I spent over an hour trying to write this first paragraph last week and still don’t know where to start. I grew up in Nairobi, my parents lived in Kenya for more than 15 years, their house was 5 minutes from Westgate, my brother’s partner is Kenyan and I previously worked for Ushahidi, a Kenyan not-for-profit group. Witnessing the tragedy online as it unfolded in real-time, graphic pictures and all, was traumatic;  I did not know the fate of several friends right away. This raw anxiety brought back memories from the devastating Haiti Earthquake of 2010; it took 12 long hours until I got word that my wife and friends had just made it out of a crumbling building.

WeAreKenya

What to do with this most recent experience and the pain that lingers? Amongst the graphic Westgate horror unfolding via Twitter, I also witnessed the outpouring of love, support and care; the offers of help from Kenyans and Somalis alike; collective grieving, disbelief and deep sadness; the will to remain strong, to overcome, to be united in support of the victims, their families and friends. So I reached out to several friends in Nairobi to ask them if aggregating and surfacing these tweets publicly could serve as a positive testament. They all said yes.

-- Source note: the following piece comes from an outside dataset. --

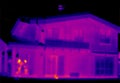 Thermograph- House Royalty Free Stock Photo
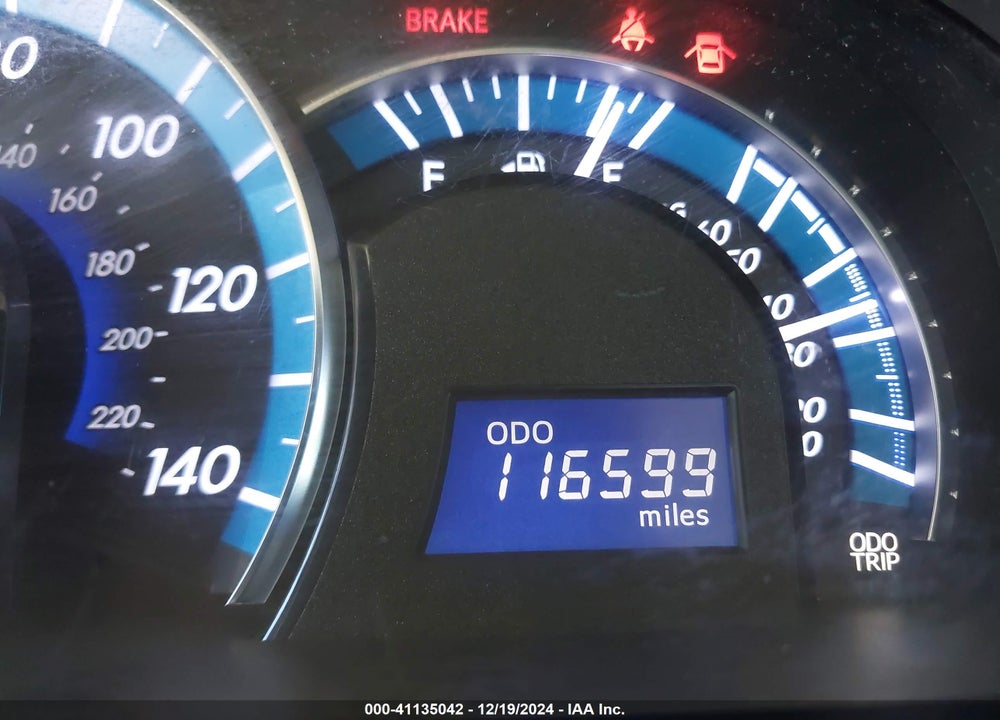 2014 TOYOTA CAMRY HYBRID XLE VIN: 4T1BD1FKXEU129676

I therefore contacted colleagues at GNIP who kindly let me use their platform to collect more than 740,000 tweets related to the tragedy, starting from several hours before the horror began until the end of the siege. I then reached out to friends Claudia Perlich (data scientist) and Jer Throp (data artist) for their help on this personal project. They both kindly agreed to lend their expertise. Claudia quickly put together the map above based on the location of Twitter users responding to the events in Nairobi (click map to enlarge). The graph below depicts where Twitter users covering the Westgate tragedy were tweeting from during the first 35 hours or so.

Westgate Continents

Westgate Table Continents

We also did some preliminary content analysis of some keywords. The graph below displays the frequency of the terms “We Are One,” “Blood Appeal / Blood Donations,” and “Pray / Prayers” during the four day siege (click to enlarge).

Kenya We Are One

Jer suggested (thankfully) a more compelling and elegant data visualization approach, which we are exploring this week. So we hope to share some initial visuals in the coming days. If you have any specific suggestions on other ways to analyze and visualize the data, please do share them in the comments section below, thank you.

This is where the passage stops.